The footage begins with ‘Shimmy and Shake’ already in mid progress. Dapper Daltrey is dressed in a checkered suit and choking tie and he sways to the seething rhythm. Townsend stands hunched over his Rickenbacker, undulating to Moon and Entwistle’s heavy groove. The intimate footage is stunning as the camera soon fits Townshend’s head to the frame and focuses on his face and backing vocals to the performance.
The next clip is of ‘Tell Me Baby’ which is perfectly funky and highlights Entwistle and Townshend falsetto vocals. All band members have a microphone which allows Moonie to lend his vocals to the mix as well. Moon soon becomes the focus of the camera and these moments find Moon at his best. He flips and twirls sticks, lands back on the beat and dances across the skins with aggressive taught strikes. The band heavy steps through the track and the later distinctive Who fingerprint is discernible all over this delectable cover.
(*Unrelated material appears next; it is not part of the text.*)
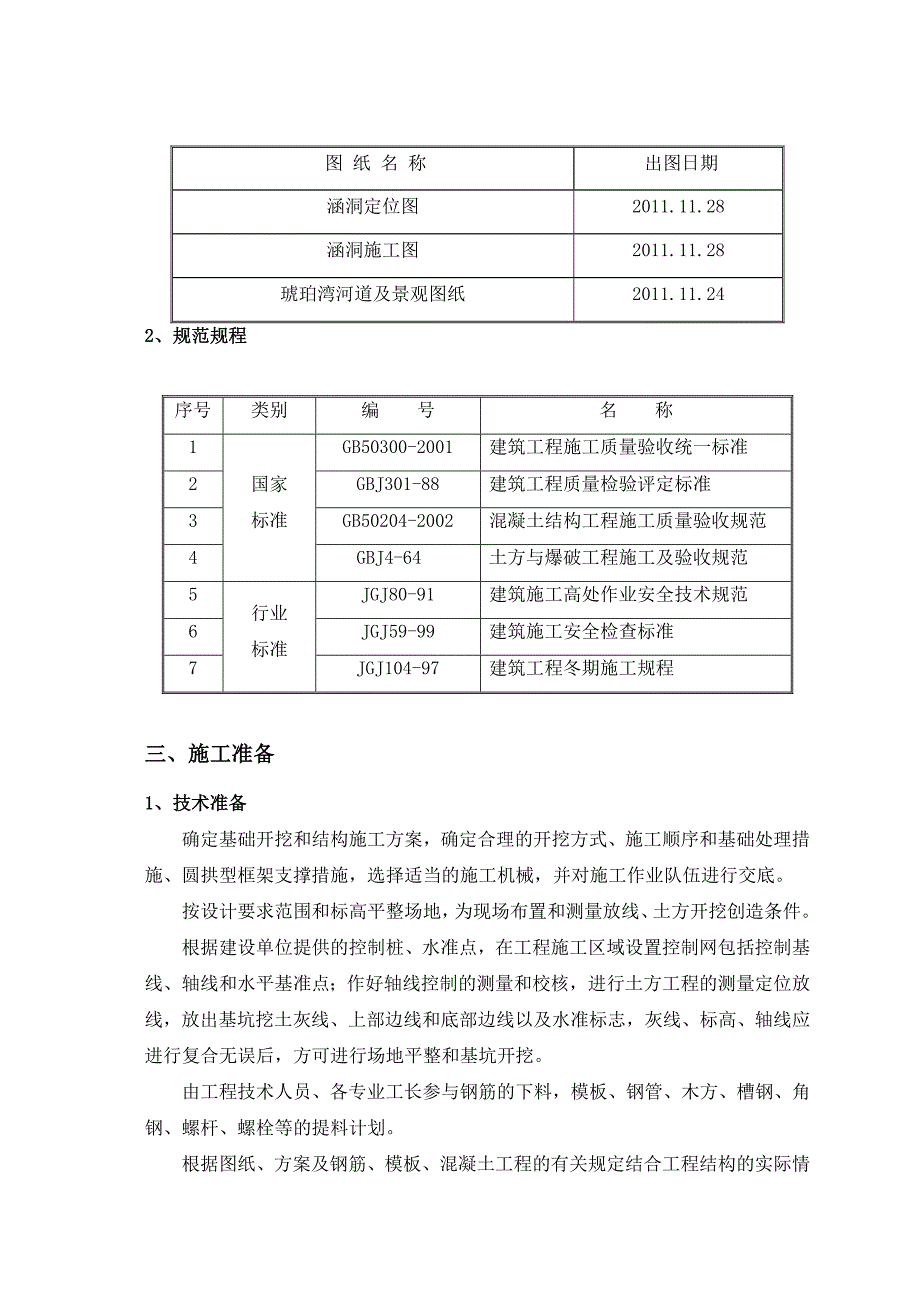 中铁诺德琥珀湾工程暗渠施工方案1.doc_第2页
‘Heatwave’ follows and again is charged with electric energy, with Moon banging in conjunction with Townsend’s orchestrated yet still infantile windmills. Daltrey taps his tambourine against his thigh, his stage presence still under construction while Townshend boogies at the assembled on lookers. Unfortunately Entwistle is only caught in glimpses in this footage, but his bottom end is well discernible. The tail end of this particular clip also features a enjoyable look at the Who’s early back line of amps, highlighted by Pete’s already war torn Hi-Watt/Fender full stack amp.
The final song of the featured clip and the most spectacular of the bunch begins with Daltrey blowing hard on harp as the jam sounds as it is being played from a dank alley; prospective handfuls of purple hearts and glasses of ale lend a nervous quality to the streaks of feedback escaping from Townshend’s guitar. Pete and John start to stretch bluesy moans from their taught strings. Daltrey becomes silent as Moonie looks to the twin pillars of Townshend and Entwistle for signals he steady's the hard changes that sound like a version of ‘Spoonful’.
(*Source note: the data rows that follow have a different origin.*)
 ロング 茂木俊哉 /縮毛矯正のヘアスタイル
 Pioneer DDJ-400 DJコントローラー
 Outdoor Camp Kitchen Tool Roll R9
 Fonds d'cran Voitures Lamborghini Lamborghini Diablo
Entwistle twists some lead lines around Pete’s hastily constructed wall of sonic debris. Townshend then extends his arms scarecrow before thrashing his Ric aggressively and burping out further shots of live ammunition. He then thrusts in an erotic rhythm while continuously stroking shards of steaming metal from his guitar neck. Moon answers accordingly. In the ‘rock room’s humble opinion this is some of the finest available footage of the band one can enjoy, especially from their early club days. Pete then starts to stab his guitar into the flesh of his amp cabinet coaxing additional waves of sound and it is there the footage concludes. Ouch, but wow.
Available for your enjoyment, this 8 minute clip of prime early Who is sure to get your blood pressure up and your musical interest piqued. We can all hope for a complete version of this performance to appear someday. Fingers crossed.